Caption-style text data:
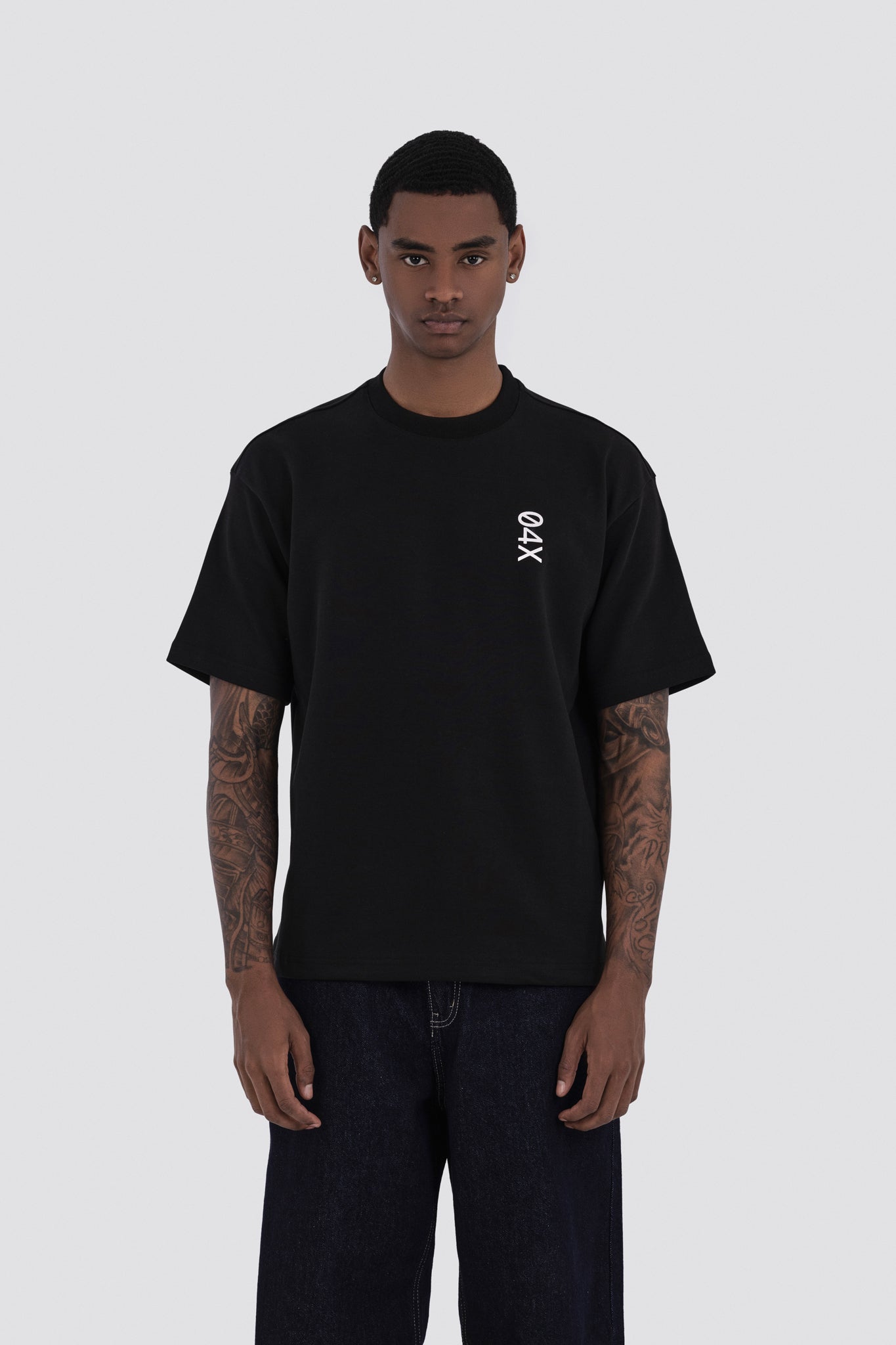 04X Oversized Black Vertical T-Shirt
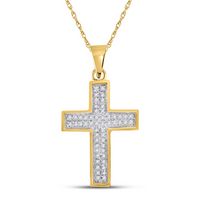 10kt Yellow Gold Womens Round Diamond Cross Pendant 1/6 Cttw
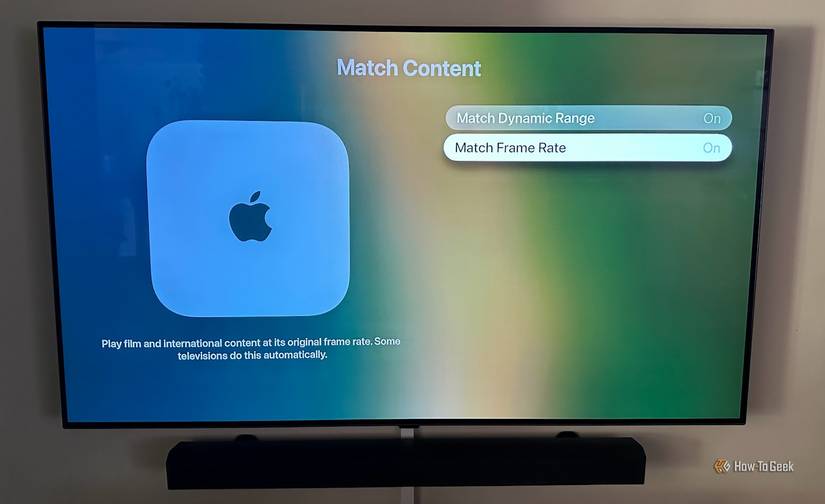 Apple TV match content settings on an OLED TV.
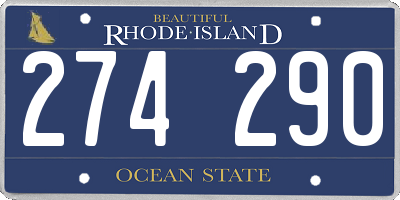 RI license plate 274290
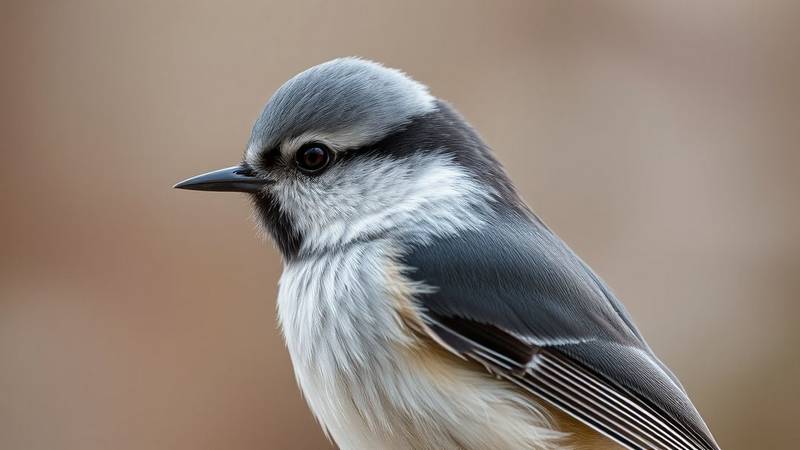 Profile of a Willow Tit highlighting its large head and dull cap.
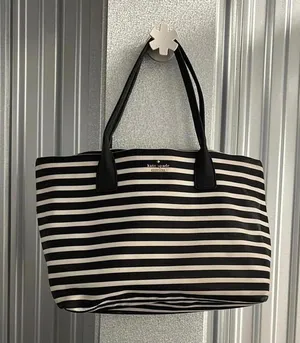 Kate Spade Black and White Striped Nautical Minimal Neutral Tote Handbag Purse thumbnail 1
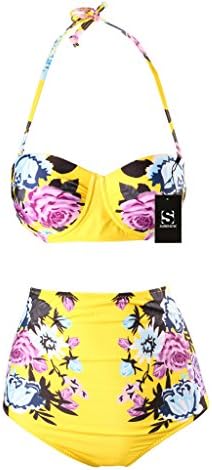 Surenow High-waisted bikini with retro design bold prints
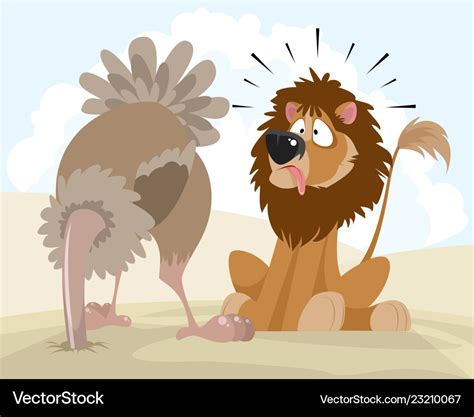 Lion and ostrich Royalty Free Vector Image - VectorStock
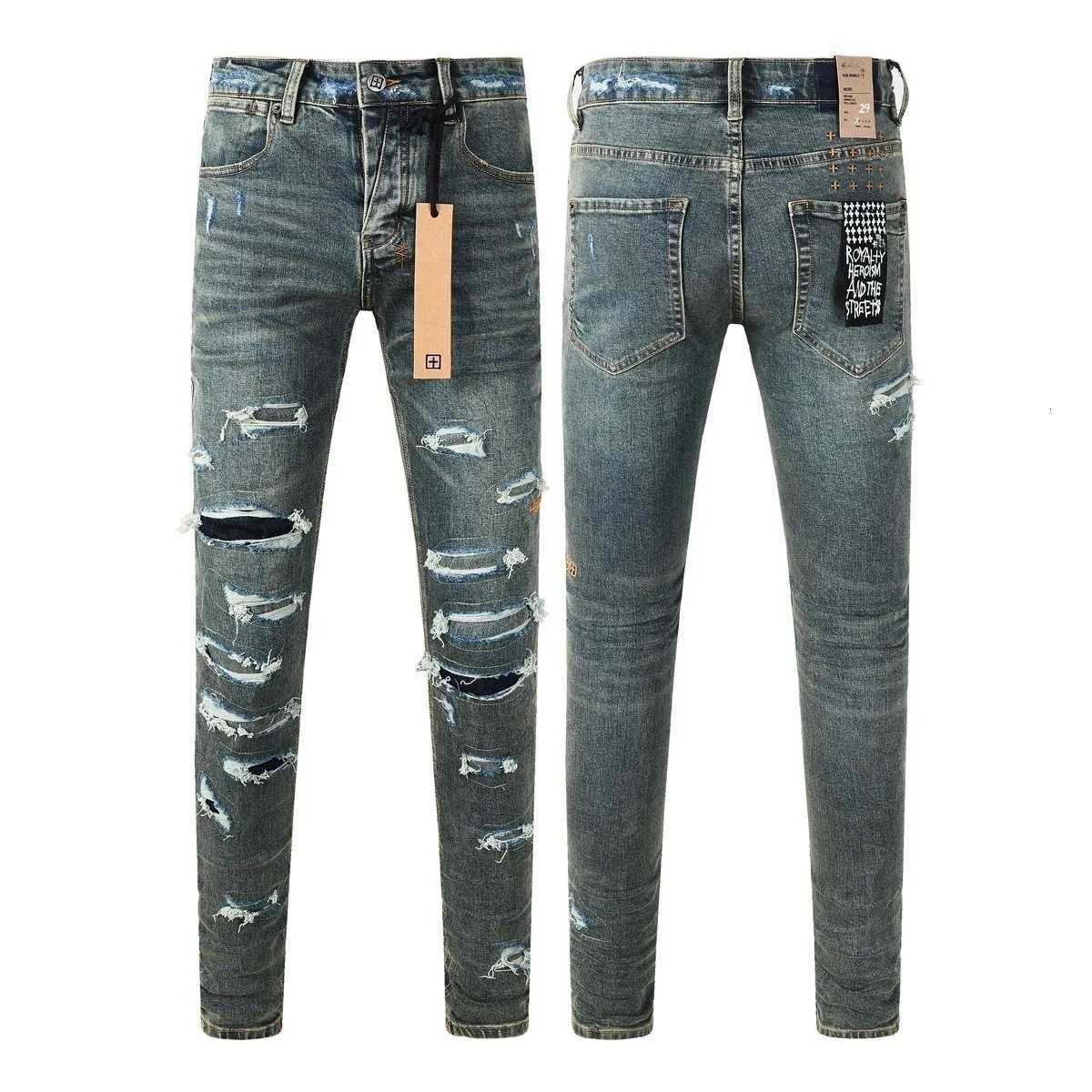 High Quality Cross Jeans 1 High Street Women Men Paint Hole Trend Low Rise Skinny Pants Pleated Ripped Frayed Jeans Y251105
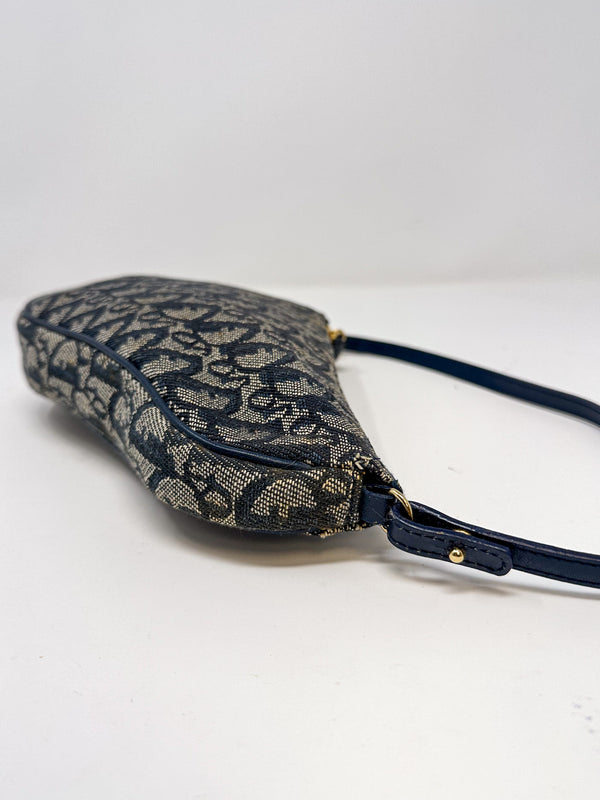 Christian Dior Blue Oblique Saddle Bag
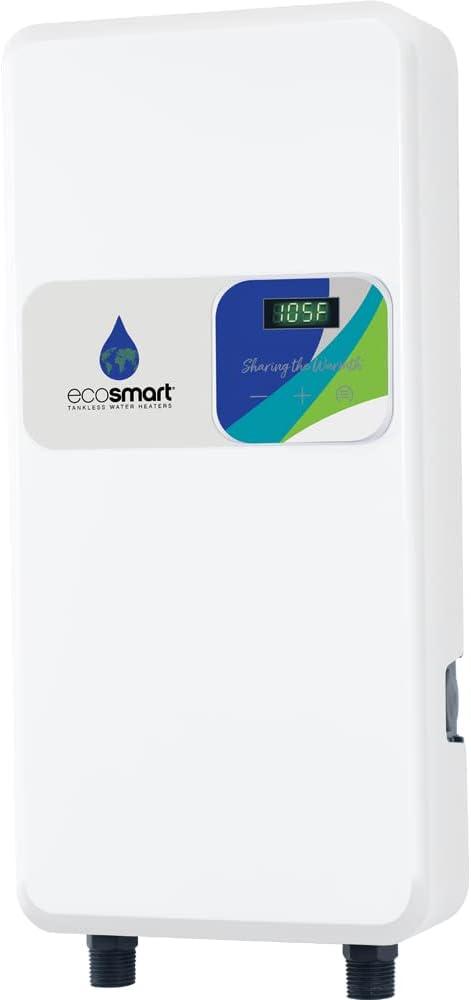 EcoSmart White Electric Tankless Water Heater with Digital Display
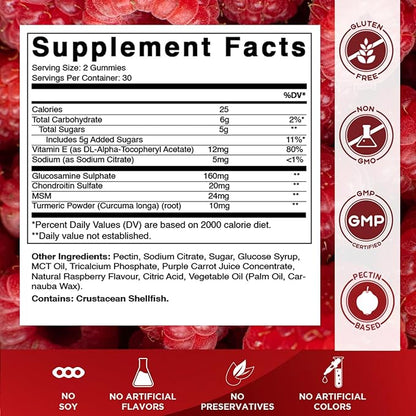 Vitamatic Glucosamine Chondroitin Gummies with MSM & Vitamin E – Joint Support Formula – 60 Pectin-Based Vegan Gummies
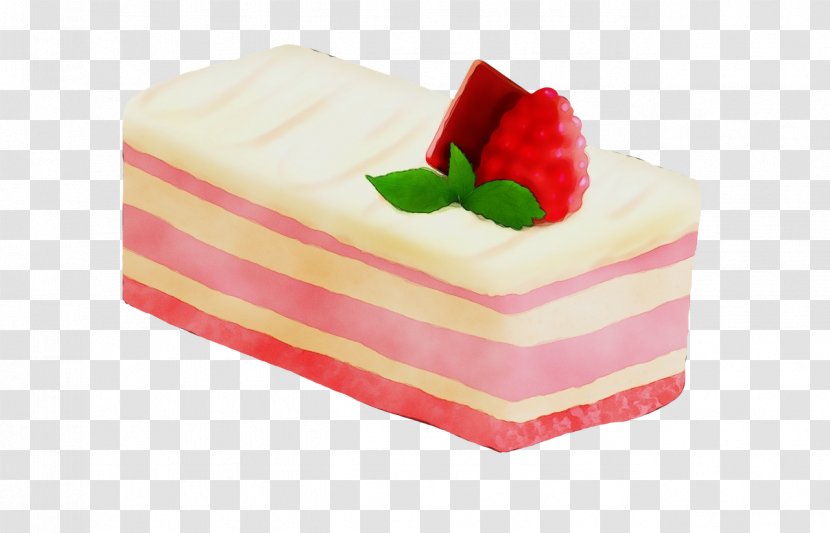 Strawberry - Wet Ink - Fruit Cake Petit Four Transparent PNG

• [TASK REQUIREMENTS]:
The lines to retype run from the one containing "RI license plate 274290" through the last line of the records above; write them exactly and skip the pictures.

• [ANSWER TO THIS TASK]:
 RI license plate 274290
 Profile of a Willow Tit highlighting its large head and dull cap.
 Kate Spade Black and White Striped Nautical Minimal Neutral Tote Handbag Purse thumbnail 1
 Surenow High-waisted bikini with retro design bold prints
 Lion and ostrich Royalty Free Vector Image - VectorStock
 High Quality Cross Jeans 1 High Street Women Men Paint Hole Trend Low Rise Skinny Pants Pleated Ripped Frayed Jeans Y251105
 Christian Dior Blue Oblique Saddle Bag
 EcoSmart White Electric Tankless Water Heater with Digital Display
 Vitamatic Glucosamine Chondroitin Gummies with MSM & Vitamin E – Joint Support Formula – 60 Pectin-Based Vegan Gummies
 Strawberry - Wet Ink - Fruit Cake Petit Four Transparent PNG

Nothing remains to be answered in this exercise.